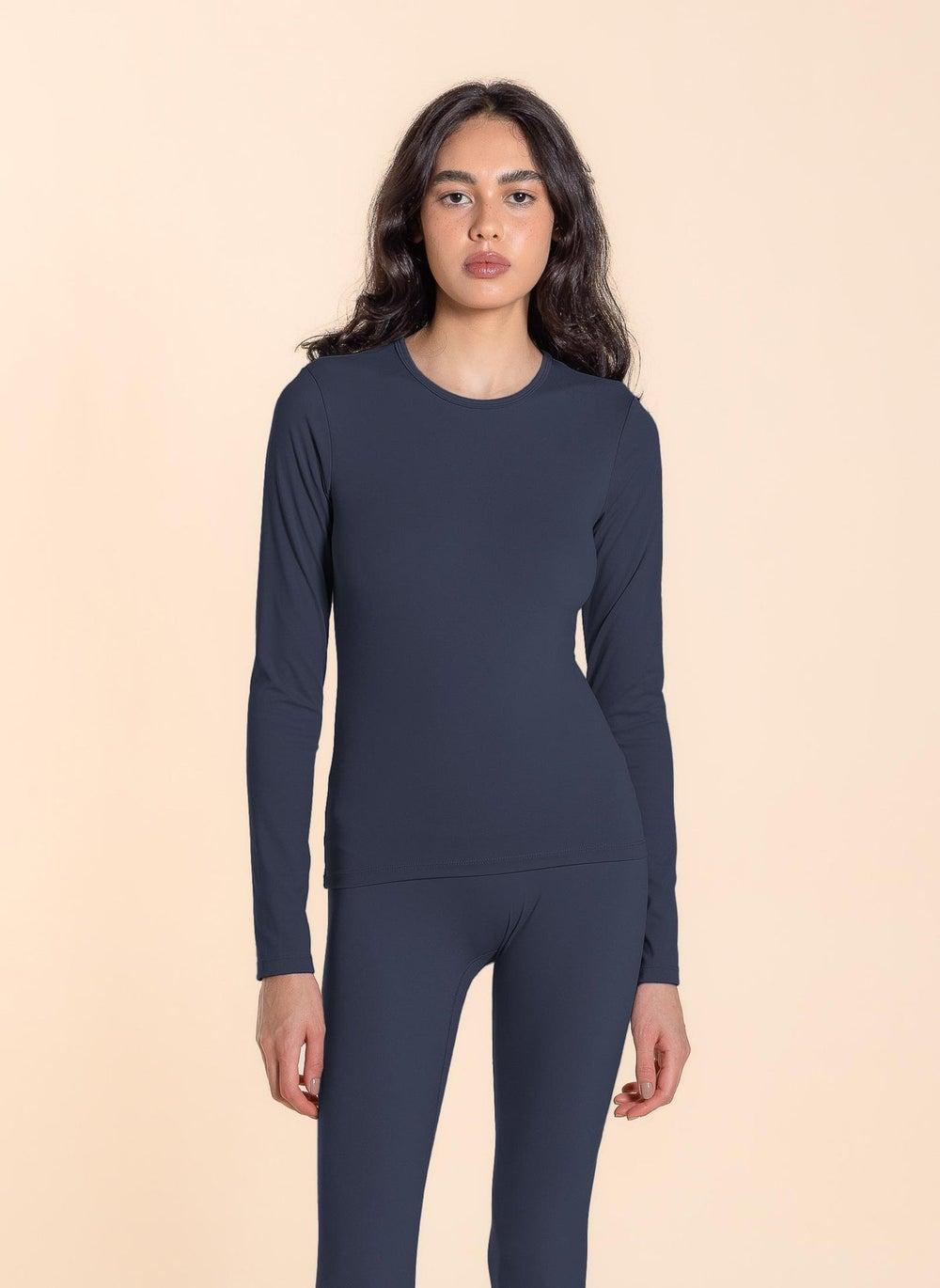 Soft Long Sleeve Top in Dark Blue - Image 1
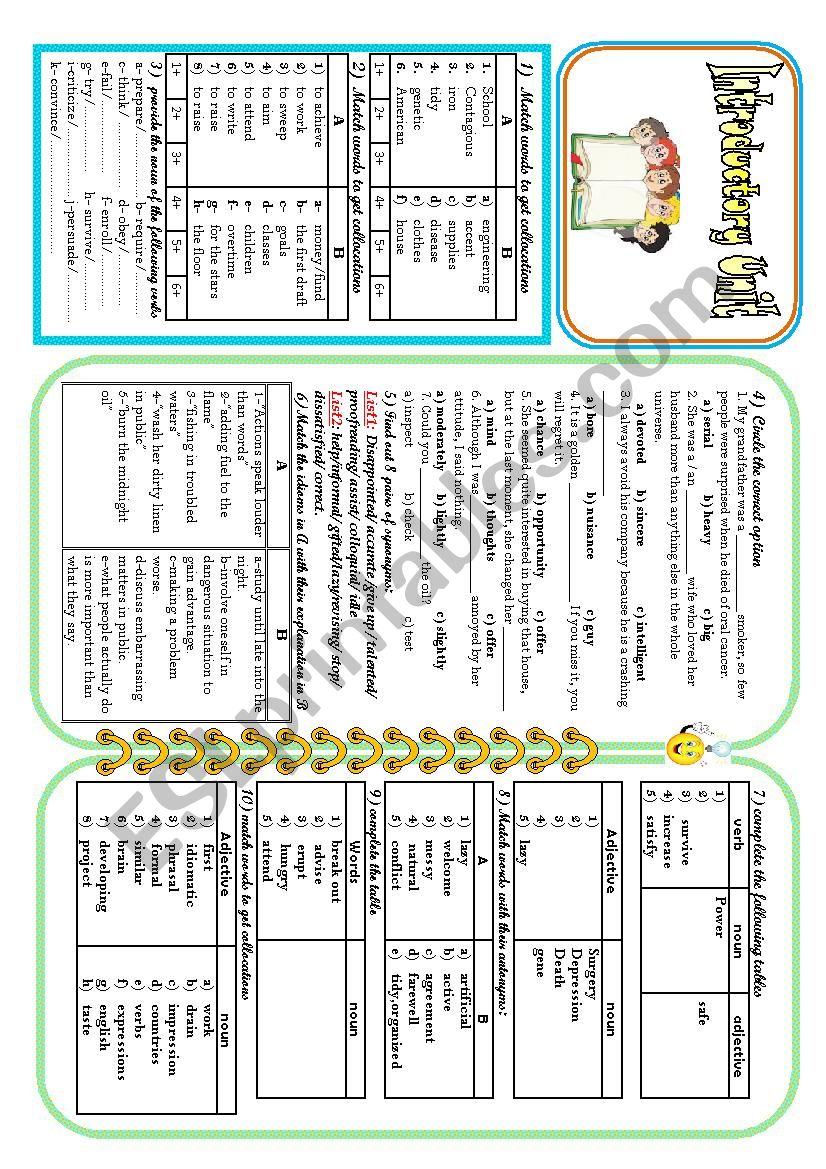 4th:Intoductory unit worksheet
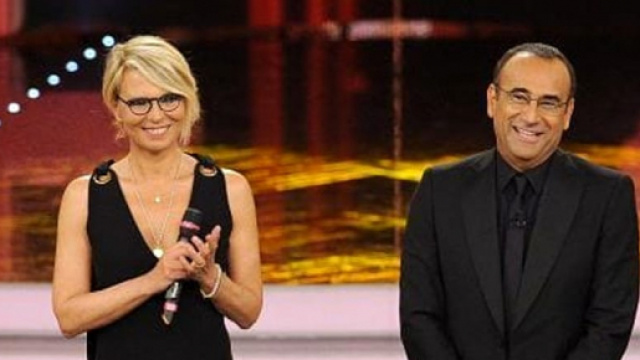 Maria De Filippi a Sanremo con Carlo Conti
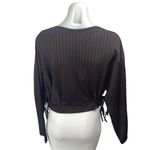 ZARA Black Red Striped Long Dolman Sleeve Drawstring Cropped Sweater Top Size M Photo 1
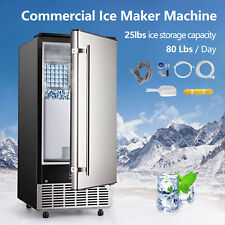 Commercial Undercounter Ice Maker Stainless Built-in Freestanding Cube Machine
○ ○ ○ ○ ○ ○ ○
◆ **WHAT THIS TASK INVOLVES**:
Please repeat all of the entries above word for word, but drop any pictures.

◆ **ANSWER TO THE EXERCISE**:
 Soft Long Sleeve Top in Dark Blue - Image 1
 4th:Intoductory unit worksheet
 Maria De Filippi a Sanremo con Carlo Conti
 ZARA Black Red Striped Long Dolman Sleeve Drawstring Cropped Sweater Top Size M Photo 1
 Commercial Undercounter Ice Maker Stainless Built-in Freestanding Cube Machine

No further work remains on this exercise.